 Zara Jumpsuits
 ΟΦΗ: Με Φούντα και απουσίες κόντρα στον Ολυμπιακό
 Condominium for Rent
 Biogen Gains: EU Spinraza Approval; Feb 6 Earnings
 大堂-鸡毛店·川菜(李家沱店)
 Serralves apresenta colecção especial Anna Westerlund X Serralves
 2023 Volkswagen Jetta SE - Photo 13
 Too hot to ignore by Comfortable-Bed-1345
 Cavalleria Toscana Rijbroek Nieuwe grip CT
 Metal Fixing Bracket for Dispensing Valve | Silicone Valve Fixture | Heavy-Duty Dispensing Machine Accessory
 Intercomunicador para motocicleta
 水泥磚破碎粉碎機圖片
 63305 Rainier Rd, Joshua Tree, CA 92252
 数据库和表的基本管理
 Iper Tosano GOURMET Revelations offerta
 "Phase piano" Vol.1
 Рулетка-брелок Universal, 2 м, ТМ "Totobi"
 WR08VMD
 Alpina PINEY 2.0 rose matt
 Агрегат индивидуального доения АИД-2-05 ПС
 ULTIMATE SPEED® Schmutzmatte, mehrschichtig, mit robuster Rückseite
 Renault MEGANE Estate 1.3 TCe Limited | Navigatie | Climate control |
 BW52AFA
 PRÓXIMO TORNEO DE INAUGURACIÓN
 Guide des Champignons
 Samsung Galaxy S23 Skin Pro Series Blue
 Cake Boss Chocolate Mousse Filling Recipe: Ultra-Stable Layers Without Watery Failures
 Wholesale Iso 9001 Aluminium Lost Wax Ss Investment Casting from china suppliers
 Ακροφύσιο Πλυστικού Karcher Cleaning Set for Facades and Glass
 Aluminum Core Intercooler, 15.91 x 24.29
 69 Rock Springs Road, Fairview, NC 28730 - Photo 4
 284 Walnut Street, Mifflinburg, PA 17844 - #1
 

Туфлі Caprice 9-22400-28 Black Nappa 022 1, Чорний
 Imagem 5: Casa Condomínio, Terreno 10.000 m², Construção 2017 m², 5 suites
•••
Task item.
"Photo" is the word to look for; copy every line of the data that has it.

Reply to the task.
 2023 Volkswagen Jetta SE - Photo 13
 69 Rock Springs Road, Fairview, NC 28730 - Photo 4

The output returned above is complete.